Writing tension in romance.
When I was asked to do this blog for a writer friend's site, the first thing to hit me was panic. I can write sexual awareness between hero and heroine well enough without thinking about it, but put a label on it and the well dries up…
When I was asked to do this blog for a writer friend's site, the first thing to hit me was panic. I can write sexual awareness between hero and heroine well enough without thinking about it, but put a label on it and the well dries up…
In the world of romance, so many little things must take place and be
set in motion for any tension to be built up between H/h. From the
moment that first meeting happens, the reader must be drawn to the
couple, feel the instant connection. You must know, feel
that these two were meant to be together. Every single look, every
single touch, and every sense, is played upon. The way they move, react
to each other draws the reader in.
♥
To give a little example, I’m pulling a snippet from the top of my head.
The early tension between H/h.
“At least when you shudder this time, it will be for all the
right reasons.” At the low murmur of his voice, she almost dropped the
tray.
Swinging around, her chest brushing his, she stared into warm
hazel eyes. The same lazy smile lingered on his incredible mouth. One
she dreamed about from the moment she realized he was more than just her
brother’s friend.
He leaned in, and she waited in breathless anticipation. But he
merely reached past her, his tanned hand snagging a cookie. Leaning
against the counter, he took a bite of his biscuit and studied her.
“What have you been up to, princess?”
Now, lets dissect this paragraph. Below is a walk through of how I
created the early developing awareness between H/h using the five
senses.
“I’m still shuddering from that little display,” she (heroine)

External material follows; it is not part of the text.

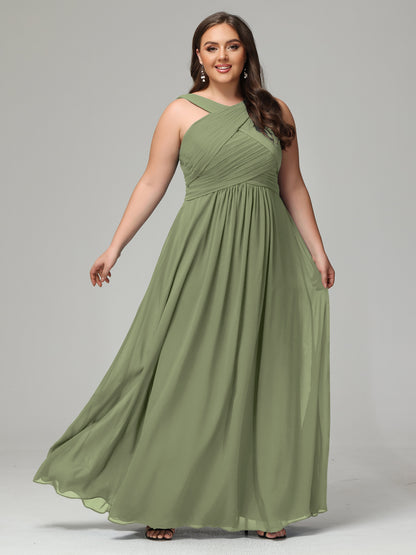 A-line Straps Chiffon Plus Size Bridesmaid Dresses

said to her friend, pulling her face in distaste as she set a tray of
baked cookies on the counter.
“At least when you shudder this time, it will be for all the
right reasons.” At the low murmur of his voice, she almost dropped the
tray.
Hearing. Already you experience the tension the moment she hears his
voice. Her reaction? The fact she nearly drops her tray, shows you her
hands are shaking, the shock. And you can bet her hearts pounding like a
drumroll.
Swinging around, her chest brushing his, she stared into warm hazel eyes.
Notice,
she swings to him, not turns. Her reaction’s instantaneous. When she
faces him, he stares at her with warmth. He could have stood anywhere
and announced himself, but he chooses to stand not just behind her, but
so close that when she turns, her chest brushes his. His voice lowered,
he makes his announcement. And in this way you see he’s definitely
interested, even though his words to her are playful, teasing.

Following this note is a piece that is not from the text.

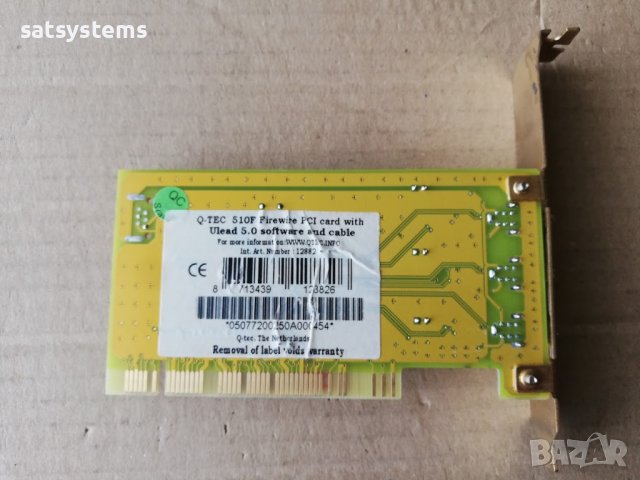 PCI 3-Port 1394 FireWire Adapter Card Q-TEC 510F v3.0 , снимка 7 - Други - 40214775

The same lazy smile lingered on his incredible mouth. One she
dreamed about from the moment she realized he was more than just her
brother’s friend. He leaned in, and she waited in breathless
anticipation.
Another use of senses. Sight. Heroine zooms onto a feature of his
that draws her in. Then stretching the moment, adding to the tension as
she waits.
But he merely reached past her, his tanned hand snagging a
cookie. Leaning against the counter, he took a bite of his biscuit and
studied her. “What have you been up to, princess?”
This has not just verbal interaction of awareness, but the usage of
eye contact and body language. And when he leans in she thinks finally,
only he filched a cookie. But his action shows he’s reacting to her on a
deeper level, by watching her, a level filled with awareness.
Always
remember as the plot progresses, you have to up the stakes. Dig deeper,
heat things up between H/h.
Now, the scene leading to the moment everyone waits for.

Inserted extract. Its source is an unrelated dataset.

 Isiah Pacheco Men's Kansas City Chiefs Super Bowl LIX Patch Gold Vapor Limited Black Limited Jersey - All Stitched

Sister, that’s what he saw her as. She edged away, deciding to leave, when his arms snuck around her waist, startling her.
“Where are you off to?” He brought her back to him.
Trapped by the intensity of his stare, she became aware of her
own thudding heartbeat. Not a hint of a smile on his tempting mouth now.
“Home. I’m leaving.”
His gaze dropped to her lips, lingered. “I’ll drive you.”
“Why?”
Slowly, he looked back at her. “Because I’m done waiting.”
Now the stakes are upped, and tension’s wired you hard and fast, you need more.
Sister, that’s what he saw her as. She edged away, deciding to leave, when his arms snuck around her waist, startling her.
“Where are you off to?” He brought her back to him.
Trapped by the intensity of his stare, she became aware of her
own thudding heartbeat. Not a hint of a smile on his tempting mouth now.
With a look alone, instinctively as the reader you feel the change in
their relationship. It’s why with romance novels all emotions are
exaggerated. It’s to grip the reader and draw them into this sensual
experience, making you a part of it.
His gaze dropped to her lips, lingered. “I’ll drive you.”
“Why?”
Slowly, he looked back at her. “Because I’m done waiting.”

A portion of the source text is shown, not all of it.